Thursday, September 29, 2011

Economists on the way to being a "religious cult"...

A short seven minute video produced by the Institute for New Economic Thinking offers the views (very briefly) of a number of economists on modeling and it's purposes (h/t to Moneyscience). Two things of note:

1. Along the way, Brad DeLong mentions Milton Friedman's famous claim that a model is better the more unrealistic its assumptions, and that the sole measure of a theory is making accurate predictions. I'd really like to know what DeLong thinks on this, but his views aren't there in the interview. He mentions Friedman's idea but doesn't defend or attack it, just a reference to one of the most influential ideas on this topic, I guess. Shows how much Friedman's view is still in play.

In my view (some not very well organized thoughts here) the core problem with Friedman's argument is that a theory with perfect predictions and perfectly unrealistic assumptions simply doesn't teach you anything -- you're left just as mystified by how the model can possibly work (give the right predictions) as you were with the original phenomena you set out to explain. It's like a miracle.

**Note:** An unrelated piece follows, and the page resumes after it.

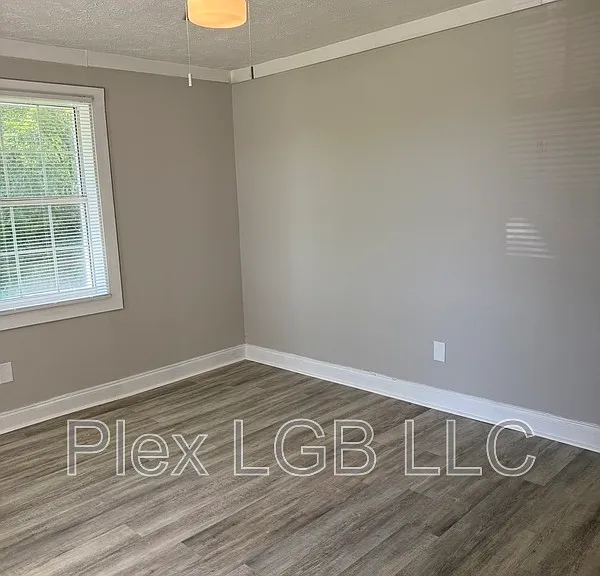 202 Burr St — Photo 3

Such a model might of course be valuable as a starting point, and in stimulating the invention of further models with more realistic assumptions which then -- if they give the same predictions -- may indeed teach you something about how certain kinds of interactions, behaviours, etc (in the assumptions) can lead to observed consequences.

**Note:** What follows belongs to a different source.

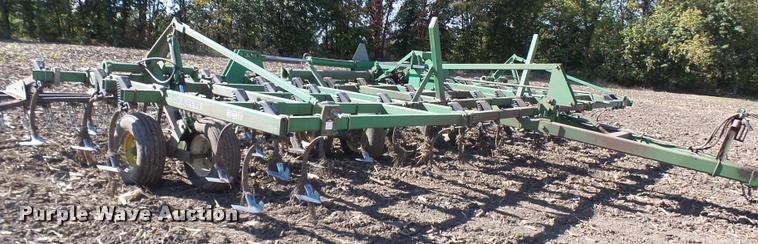 image for item AV9836 John Deere 980 field cultivator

But then -- it's the models with the more realistic assumptions that are superior. (It's worth remembering that Friedman liked to say provocative things even if he didn't quite believe them.)

2. An interesting quote from economist James Galbraith, with which I couldn't agree more:
Modeling is not the end-all and the be-all of economics... The notion that the qualities of an economist should be defined by the modeling style that they adopt [is a disaster]. There is a group of people who say that if you're not doing dynamic stochastic general equilibrium modeling then you're not really a modern economist... that's a preposterous position which is going to lead to the reduction of economics to the equivalent of a small religious cult working on issues of interest to no one else in the world.